Allerdings wird erbenden Lebenspartnern des verstorbenen ALG II-Empfängers ein Freibetrag zugestanden. Soweit der Wert des Nachlasses des Verstorbenen unter 15 500 Euro liegt, darf ihn der Erbe behalten, wenn er

oerstens Partner oder Verwandter ist,

ozweitens bis zum Tod des Verstorbenen in häuslicher Gemeinschaft gelebt hat,

ound ihn drittens gepflegt hat.

Gänzlich befreit sind Erben von diesem so genannten Ersatzanspruch, wenn das für sie "eine besondere Härte" bedeuten würde.

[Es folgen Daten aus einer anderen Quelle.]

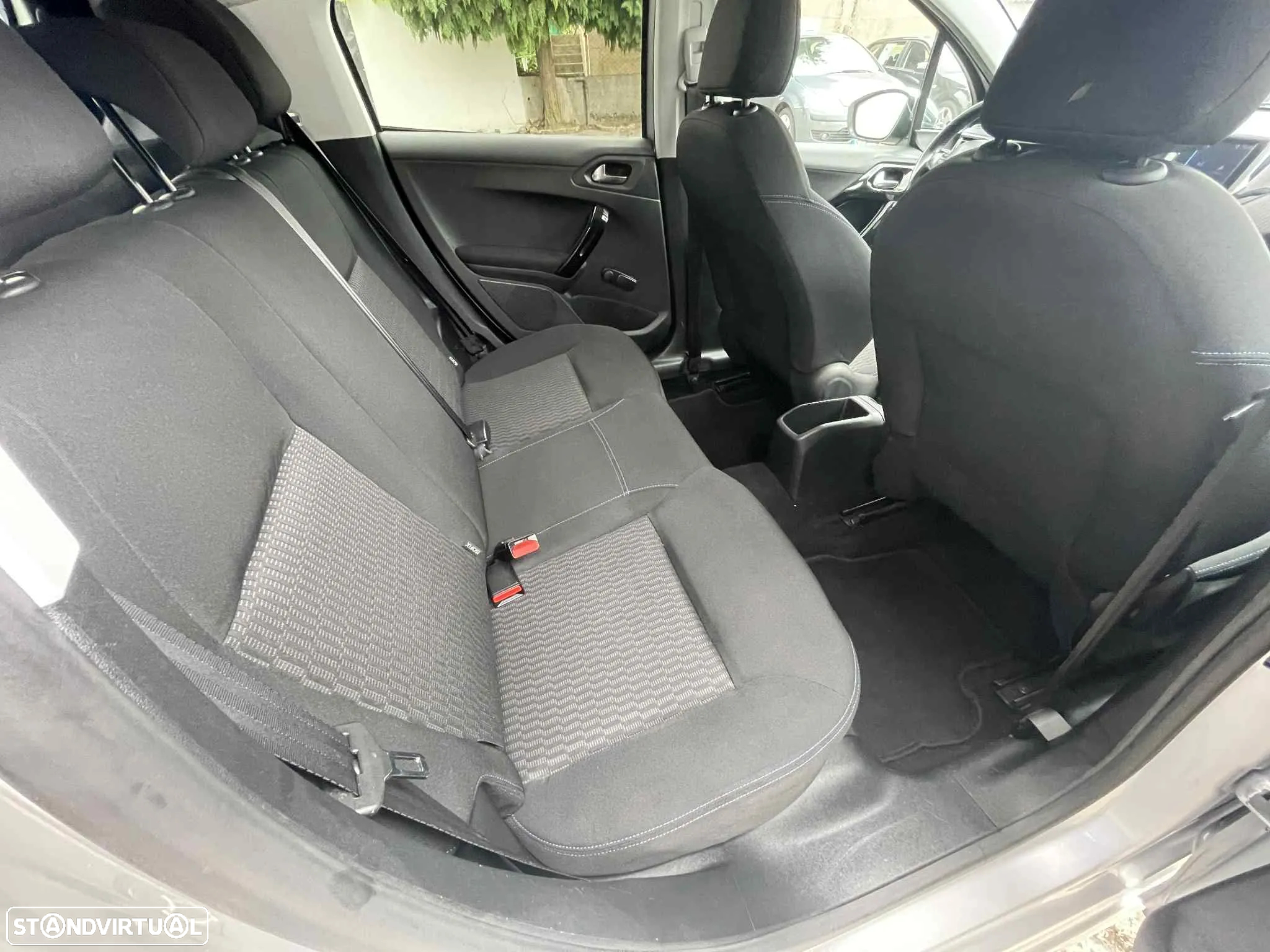 Peugeot 208 1.2 PureTech Style - 27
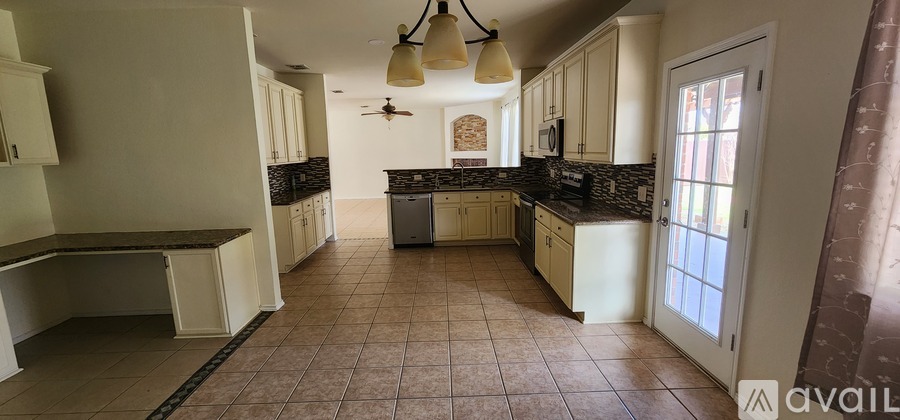 2341 Magnolia Drive 3 Beds Single Family Home for Rent - Photo gallery 2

Das wird von der Agentur jedoch immer nach den Besonderheiten des Einzelfalls entschieden (das Nichtgelten des Ersatzanspruchs regelt Paragraph 35 in Absatz 1 und 2).

Hintergrund dieser Erbenregelung ist, dass während des Bezuges von Arbeitslosengeld II zu Lebzeiten Teile des Vermögens des Empfängers geschützt (Vermögensfreibeträge) und damit nicht angerechnet worden sind. So sei es nur recht und billig, wenn nicht verbrauchtes Geld später an den Staat wieder zurückfließe. Das entspreche auch den Regelungen zur Sozialhilfe. Letztlich sei das Arbeitslosengeld II eine steuerfinanzierte Sozialleistung nach Bedürftigkeit.

Vor allem Lebenspartner von ALG II-Empfängern, die heute im eigenen Haus wohnen oder in der Eigentumswohnung leben, fürchten, angesichts des staatlichen Erbanspruchs im Todesfall zum Verkauf von Haus oder Eigentumswohnung gezwungen zu sein. Schließlich falle bei gemeinsamem Besitz ein Teil des Hauses in den Nachlass, den der Staat mit Blick auf die Rückzahlung von ALG II-Geldern beanspruchen könnte.

Ob eine solche Situation im Einzelfall als Härte von der Agentur für Arbeit und damit als Befreiung vom Ersatzanspruch angesehen werde, müsse dahin gestellt bleiben, meint Rechtsanwalt Arnd Merschky aus Halle. Hier fehle die öffentliche Transparenz der Durchführungsbestimmungen der Bundesagentur für Arbeit. Auf jeden Fall bleibe das eigene Vermögen des Erbenden unantastbar - das kann der Staat nicht angreifen.

Mit Blick auf den Hausbesitz oder die Eigentumswohnung rät Merschky, Sektionsleiter des Deutschen Forums für Erbrecht in Sachsen-Anhalt, ALG II-Beziehern zu vorbeugenden Regelungen. "Werden Haus oder Eigentumswohnung zu Lebzeiten gegen Gewährung eines lebenslangen unentgeltlichen Wohnrechts den Kindern überschrieben, können sie nicht mehr in den Nachlass fallen." Der Nachlass ist nach Aussage des Anwalts stets das Vermögen zum Todeszeitpunkt. Bei einer Überschreibung zählen das eigene Haus beziehungsweise die Eigentumswohnung nicht mehr zum Vermögen des ALG II-Empfängers, sondern liegen im Eigentum der jungen Generation. Für die Eltern stellt das kein Risiko dar, wenn sie sich bei der Überschreibung das lebenslange unentgeltliche Wohnrecht haben festschreiben lassen. Im Zweifelsfall sollte juristischer Rat eingeholt werden.

Auch wenn die Erbenhaftung bei ALG II-Empfängern durch die Regierung gesetzlich sanktioniert ist, ist nach Ansicht von Merschky im Einzelfall mit Sicherheit mit späteren Klagen vor den Sozialgerichten zu rechnen.